His folksy presence and conservative voice won him a Fox television show after he lost the GOP nomination to Sen. John McCain. The roots of the former Arkansas governor's empathetic style were on display yesterday as Mr. Huckabee preached to an overflowing congregation at Christ Church at Grove Farm in Ohio Township.
Mr. Huckabee led off with a few jokes drawn from the campaign trail but mostly hewed to his other role as a Baptist minister as he discussed the New Testament parable of the Pharisee and the tax collector. The latter profession, he noted, was no more popular in the time of the Gospels than now. During more than five hours at the North Hills church complex, Mr. Huckabee also played the bass guitar and signed copies of his new book, "A Simple Christmas: Twelve Stories that Celebrate the True Holiday Spirit."
Several of the churchgoers who waited in long lines for an autographed copy of his book urged him to run for president again. In the next few weeks, his book-signing tour will take him back to Iowa, the site of the upset caucus victory that brought him to the front rank of the 2008 campaign.
Last month, a national Rasmussen poll of Republicans found the former governor in first place in an early trial heat of potential GOP nominees. He had 29 percent, followed by former Massachusetts Gov. Mitt Romney at 24 percent; former vice presidential nominee Sarah Palin was at 18 percent; former House Speaker Newt Gingrich took 14 percent; and Minnesota Gov. Tim Pawlenty had 4 percent.
Such a finding can't be considered a meaningful guide to the odds on a race three years away; at the same time in the 2008 election cycle, Mr. Huckabee would not even have been an asterisk in the standings. Still, his partisans are encouraged that in a similar Rasmussen survey, last summer, he was essentially tied with Ms. Palin, a clear potential rival for the social conservatives who were the key to his Iowa upset.
Speaking to reporters after the second of the two services in which he spoke, Mr. Huckabee insisted that, despite "all this hype about 2012," it was too early for any candidate to be making plans for the next presidential election.
"We're not even a year into this administration," he said. Mr. Huckabee noted that the 2012 landscape would be shaped by any number yet-to-be-determined events, prominent among them being the results of next year's mid-term congressional elections.
Reflecting some of the same currents that steered Mr. Huckabee's come-from-behind triumph over the better-funded Mr.
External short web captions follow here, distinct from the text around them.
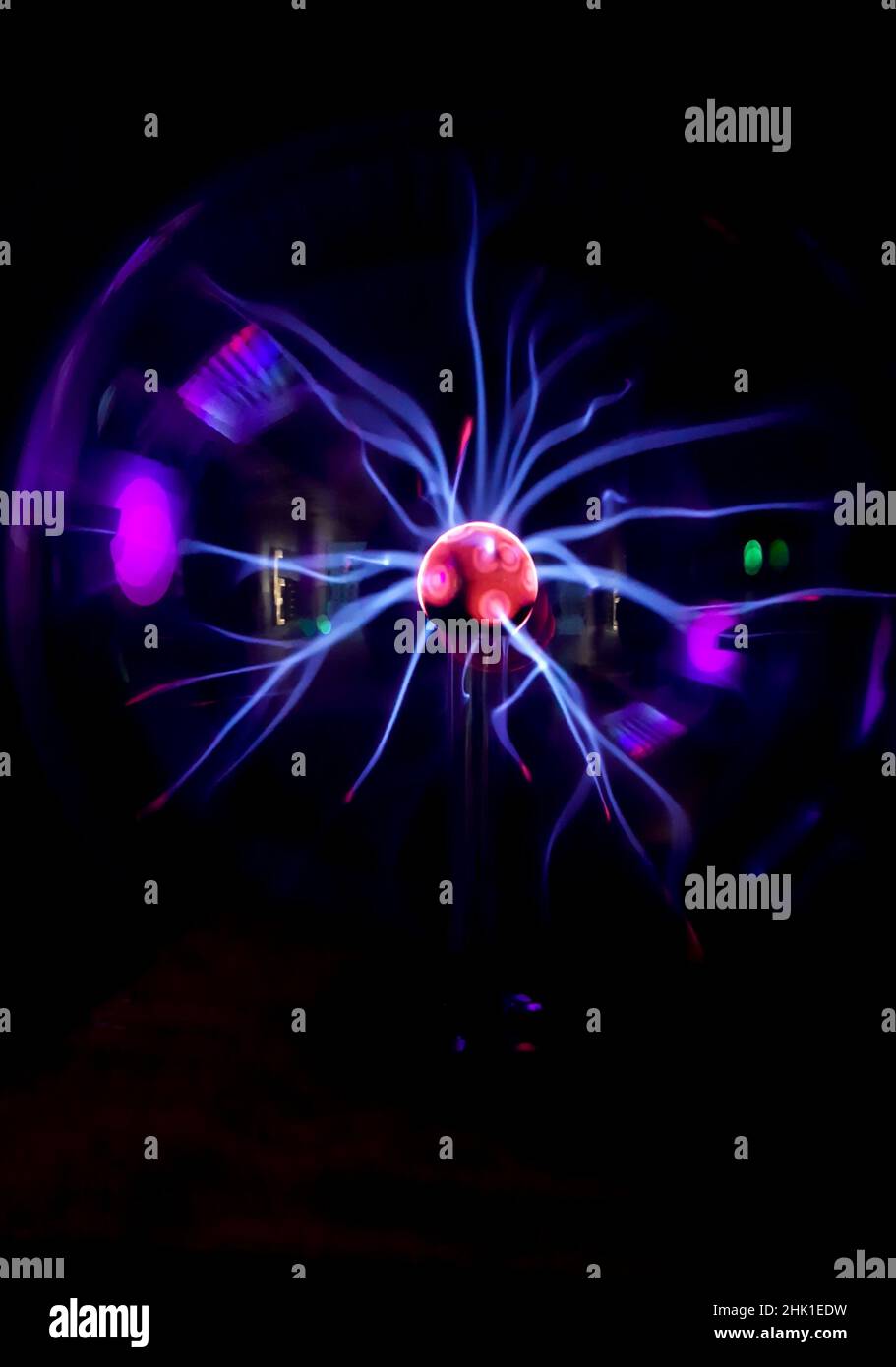 Boule de plasma avec des éclairs irisés dans différentes couleurs sur un fond très sombre Banque D'Images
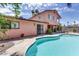 Serene backyard pool featuring a well-maintained patio and lush surroundings, creating a private and tranquil oasis at 401 Estella Ave, Las Vegas, NV 89107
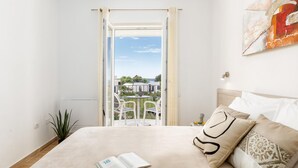 Quarto com cama, um livro e vista para uma varanda com mobiliário de exterior.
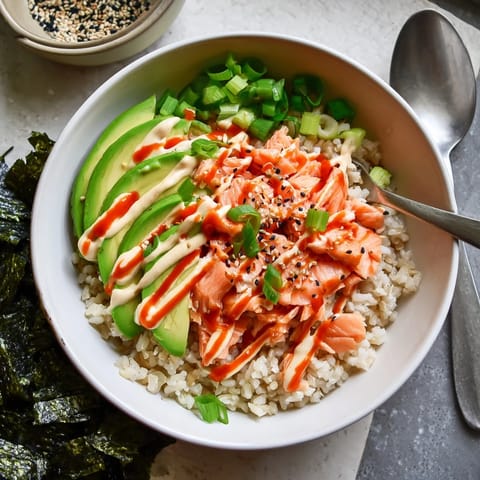 Freshly prepared Emily Mariko Salmon Rice Bowl garnished with green onions and sesame seeds, served alongside crispy roasted seaweed sheets.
Romney in the 2008 caucuses, and some of the current fissures in the national GOP, the Iowa Republican party is now going through an intense internal battle in the early stages of a wide open race to choose its gubernatorial nominee next year.
Another case of GOP fratricide is playing out in upstate New York, where the Republican nominee in a special congressional election, Dede Scozzafava, suspended her campaign over the weekend and endorsed her Democratic opponent in the face of a challenge from a more conservative candidate, Doug Hoffman. Mr. Hoffman surged ahead of the GOP establishment choice on the strength his own attacks and those of national conservative voices who assailed Ms. Scozzafava for her more liberal views on social issues such as abortion.
While some Republicans have bemoaned the special election infighting as an impediment to GOP efforts to portray itself as a "big tent" party, Mr. Huckabee said the developments were healthy.
"The Republican Party is strongest when it's a conservative party," he said. As an example, he cited former President George H.W. Bush. Mr. Huckabee ascribed the 41st president's 1988 victory to the fact that he ran then as a conservative. In 1992, he argued, Mr. Bush lost to Bill Clinton because he had moved middle on issues such as taxes.
Hundreds of churchgoers formed a line that persisted for more than an hour after the second of his two sermons. Mostly they waited for Mr. Huckabee to personalize their books. Many posed for pictures with the once and perhaps future White House aspirant. A few had more unusual requests.
With traffic backed up on choked Ohio Township roads, the church had briefly delayed the starting time of its second service. To fill the unplanned gap, Mr. Huckabee, who plays with his band, The Little Rockers, on his Fox television show, borrowed a bass guitar to join in an impromptu concert with the church's musicians.
Keren Lee, the owner of the Fender bass, smiled as Mr. Huckabee autographed its neck.
"He's a good player," Mr. Lee said. "He knows what he's doing."